Antonio has lost track of his family. Most have left Mexico. “I don’t know if my sisters are alive,” he says. “I’d like to help them if they need anything.”

But how can he help, I wonder, when he can’t help himself? He carried their addresses in his breast pocket for years until one day the police robbed him and took everything he had, even those dog-eared papers. “They shouldn’t call themselves police,” my youngest son grumbled. “They should call themselves crooks.”

Paracaistas are crooks too, I found out today from Marina. Once a week, Marina comes and helps clean the apartment, scrubbing the gas stove, washing the outside of the floor-to-ceiling windows with a cloth draped over a broom, standing on a stool to reach the microwave. Something is always going wrong with her family; every week the amount we pay her seems to increase.

Her daughter’s family was living in an apartment. There was some illegality about the landlady’s papers that was being sorted out. One day while they and the landlady were out, the lawyer “helping” her case paid some drug addicts to smash in the windows and doors. Sixteen chihuahuas jumped past the broken glass and ran down the street. The group of men, armed with knives, took up residence in the apartment block, chaining the doors shut. They are still there, holding hostage all of the possessions inside. This is occurring with greater frequency in certain neighbourhoods. The men call themselves

paracaistas and they “parachute” in, invading homes and refusing to leave. Since there are legal issues with the apartment building, the police are paid off and do nothing to protect the rightful inhabitants. The hope is that the tenants and landlords will lose both heart and patience and relinquish the property and then the profits will be split between the lawyers and the addicts.

Marina handles it calmly. “I don’t know why these things are happening but at least they can move in with me now and not stay on the street. At least the children weren’t alone in the apartment then because who knows how that would have turned out.”

Her grandchildren are my children’s age. Even their school bags are being held hostage. I went through my children’s closets and pulled out pajamas, shirts, sweaters, some pants. I forgot to ask what size the mother wore. I forgot to send food. I forgot about the emails.

I forgot that what you think about depends on where you are looking. Like driving down a long prairie road, unconsciously steering toward your gaze. Stores will tell us “Not enough!” but our closets have extras. Emails tell us “Not enough!” but we have more than most.

I forgot doors are for opening, not for smashing in or even for admiring.

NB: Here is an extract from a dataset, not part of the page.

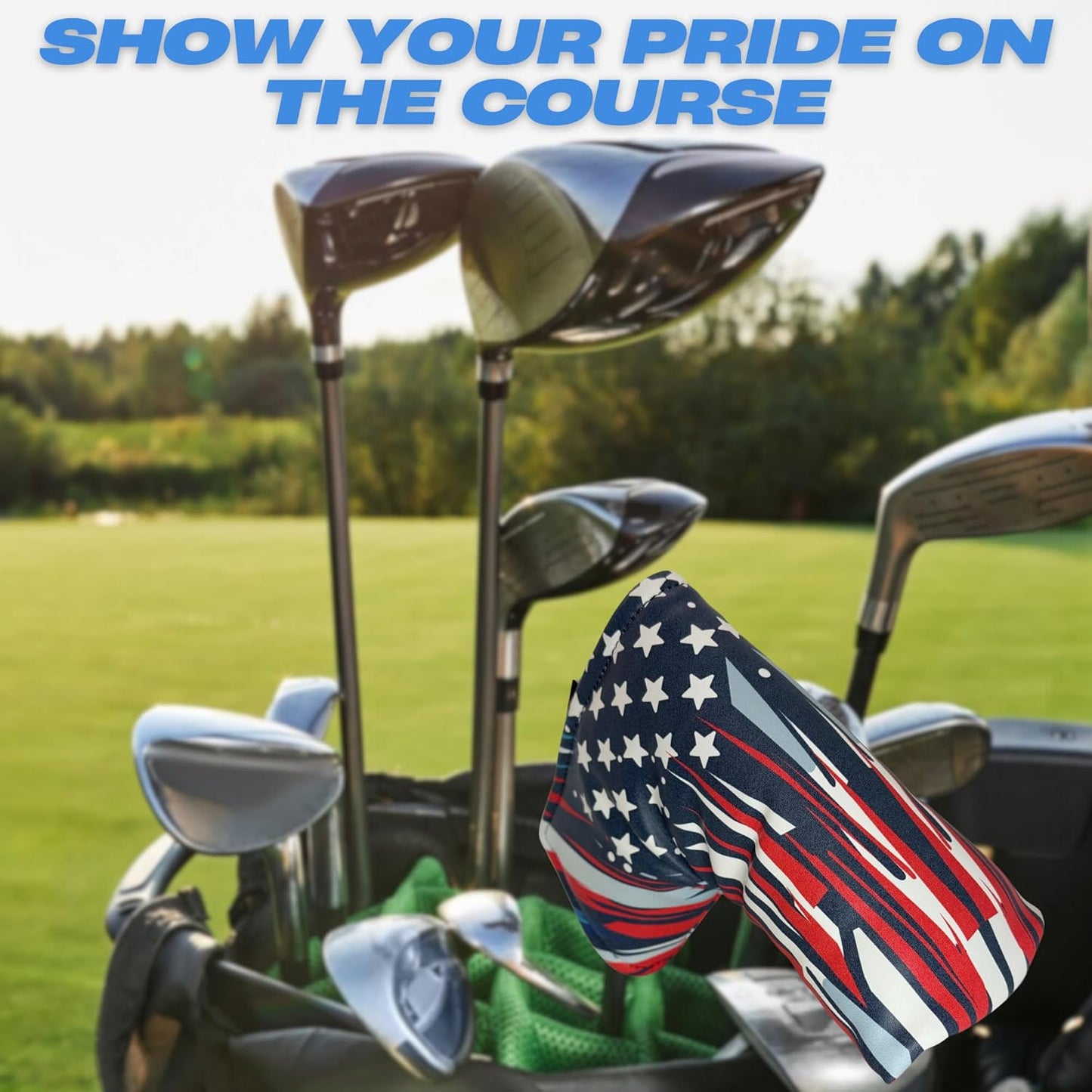 Stars & Stripes American Flag Golf Putter Cover - USA Flag Design, Fits Blade Putters, Waterproof & Protective Golf Club Cover, Stars and Stripes Design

I forgot that families are for the lonely, homes for the living, not for staging and shooting in soft lights only.

This remembering is a parachute slowly opening, suspending the descent.

I forgot I’d like to be a house, extending as wide as arms, indefinitely, in the direction of the park benches, front porch washed by seasons into gleaming pools, where every tree stands ignited and the light itself is a whole world gathering.